Looking at REST gateway upstream request timeouts in codfw, there's a clear increase in at ~ 18:10 UTC today for wikifeeds. The same is visible in eqiad, though to a lesser extent.

This is consistent with what I'm seeing for internal calls to the equivalent upstream (https://wikifeeds.discovery.wmnet:4101/zh.wikipedia.org/v1/aggregated/featured/2025/07/23), which again time out at ~ 60s (i.e., the local cluster request timeout). Oddly, I can't reproduce this for any other wiki I've spot checked.

Looking at the wikifeeds application logs, I can't find any significant change in log messages bracketing ~ 18:10 UTC.

I'm out of ideas at the moment as to what might have caused this. The only event at ~ 18:10 UTC in the SAL is the train finishing rolling to group2, which does indeed include zhwiki, but also includes plenty of other wikis that don't exhibit this issue (e.g., enwiki).

tl;dr - Something has made the /v1/aggregated/featured wikifeeds endpoint very slow, thus far only observed for zhwiki, starting at ~ 18:10 UTC on 2025-07-24. In eqiad, response duration seems to be bimodal, in that the request will either complete promptly or after ~ 4m (T400425#11033423).

Event Timeline

One additional data point:

To find out exactly how slow these requests are (if indeed they succeed) I nsenter'd the netns of a wikifeeds pod in eqiad, so I could hit /zh.wikipedia.org/v1/aggregated/featured/2025/07/23 on the app directly with curl - i.e., without being subject to envoy's 1m local timeout.

Requests that do not respond promptly (1-2s) consistently succeed after 4m + a bit (0-2s), which strongly suggests something is timing out at that point and unblocking the response. Alas, I can't seem to figure out what, and it seems wikifeeds does not produce log messages that suggest what may have timed out (just the mix of 404 and 403 errors it consistently produces).

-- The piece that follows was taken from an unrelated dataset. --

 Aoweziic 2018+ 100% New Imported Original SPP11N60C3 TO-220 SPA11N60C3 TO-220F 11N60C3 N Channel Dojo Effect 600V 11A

Joe triaged this task as Medium priority.Jul 25 2025, 5:36 AM
Joe removed projects: SRE, serviceops-deprecated.
Joe added subscribers: Jgiannelos, Joe.

I can't reproduce anymore, from either core datacenter. Given a 4 minute timeout is nowhere to be found in our mesh network, I would assume what @Scott_French observed is an internal timeout of wikifeeds.

I therefore think this is a bug of the software itself. In absence of reproducibility now, though, I am triaging the task as "medium" severity, and removing the SRE related tags as we can't really debug this further ourselves.

@Jgiannelos does that 4 minutes timeout sound like something we could see in node/wikifeeds?

Thanks for investigating, Joe. It looks like the situation started improving considerably around 02:20 UTC based on REST gateway -> wikifeeds upstream request timeouts, which then trailed off over the next 4h or so.